Who has never tried to switch their phone or their laptop off for a day or at least for some hours, eh? I tried. Several times.


It is true, I am often on my phone and my laptop is constantly beside me. I do everything with them. I take pictures, I like pictures, I share feelings and send emails. I text friends and call my parents. I look for the closest library or market, I listen to music and set my alarm clock for tomorrow morning. I watch videos and make my homework at the same time, I learn what has just happened across the world and under my windows. I buy clothes and notebooks, I face the worst and open another tab to watch weather report.
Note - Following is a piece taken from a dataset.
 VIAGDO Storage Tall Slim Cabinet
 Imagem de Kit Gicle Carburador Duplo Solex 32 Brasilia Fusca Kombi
I am not even conscious of that. How many pages do I open a day? How many times do I go on Facebook or Instagram in an hour? And I don’t speak of all of us who use their phone to time their runs instead of running as long as they enjoy it; all of us who watch television and go web surfing at the same time; all of us who can’t wait to answer a text whereas they are talking face-to-face with someone else.

It may sound paradoxical, but I love technology. I am 19, I was born with it and I don’t know how I would live without it. But yes, sometimes, I need to switch everything off and concentrate on what is really important. I need to have little moments for my own self and my own peace. How many times did I get a headache because of hours spent in front of my laptop? How many times did I get angry or exasperated because of something I read from somebody I didn’t know? Technology runs off my body’s energy. I have become another battery and sleep is not enough to refresh.

So last weekend was the weekend. A new attempt after several “not so bad” tries but also “not totally respected” tries*.

*we all know that little voice that tells you it is okay to check your emails for five minutes and you end up two hours later watching a video of baby cats. And don’t fool with me, I know I am not the only one.

From Friday night to Saturday night, I turned off my phone and laptop. I chose that moment responding to Grok Nation and Shabbat, and because I prefer being at peace during weekends. I must say that I am not Jewish, not even religious, but it helped me to appreciate my “struggle” better — crazy, right? It has often been easier for me to follow something that does not only rest on my own resolution, something that is respected by many others too. It makes me want to do it until the end without thinking “nobody will know if you stop now, it was your idea”. It is like doing sport with a friend: you train even if you don’t want to because you know there is someone to cheer you up and you don’t want to give up on them. Moreover, as digital detox is not something I am used to doing, I wanted to have a goal and advice, to be a bit reassured, and I know several grokites were in the same state of mind.

It is weird to use the word “reassure” about turning off electronic devices. I was afraid to switch them off because it was like getting rid of my personal life, being deprived of something. Most of all, I knew I would receive a lot of notifications during that period and I was hoping nothing important would come over — nothing happened, fortunately. I missed likes and comments on Instagram and WordPress, I missed messages and emails, but nothing that could not wait. I put my phone on my bedside table around 8pm and enjoyed three hours of reading. I slept like a baby, woke up less stressed than the day before. I still wanted to take my phone and send lovely messages to people I missed, but I realized I was missing them beause I was doing nothing — you truly miss someone when you are occupied, when you want to share that moment with them, when you can’t concentrate on what you are doing, not when you are bored.

During those 25 hours or so, I read again and again. I finished a novel and read Judaism for Dummies — yes, I am still reading it as it is a bit complicated when you are not religious. I also made a list of what I wanted to check on the Internet later and guess what? Those things could wait. I did not do much more but it was enough to relax and escape from negativity. What I loved the most was to wake up gently and read a paper book, not assaulted by a powerful light and music, nor disturbed by the absence* or presence of notifications I missed during the night.

*I even think the lack of notifications is more stressful and disappointing because I interpret it as a lack of attention and love.

I think my experience can be called “my real and successful first digital detox”. I have some plans now. I plan to turn off my electronic devices around 9pm every day so that I can sleep peacefully and more easily, enjoying a good book. I also plan other digital detox days, either from Friday to Saturday, or Saturday to Sunday. It will be a bit tough because university requires the Internet but I just need to organize myself. I don’t want to neglect my body and my soul anymore, it is too painful. Bye bye, tiredness!

Marion                                                                                                                                                  Ps. Shana Tova!


12 thoughts on “Digital detox : my experience

  1. In my last year of uni when stress was really starting to get to me I had to start doing this. Once it hit eight o’clock the tech went off and I got out a book instead or did something else non-tech based. I’ve slipped back into old habits since but it might be worth me going back to that old routine for a bit at least.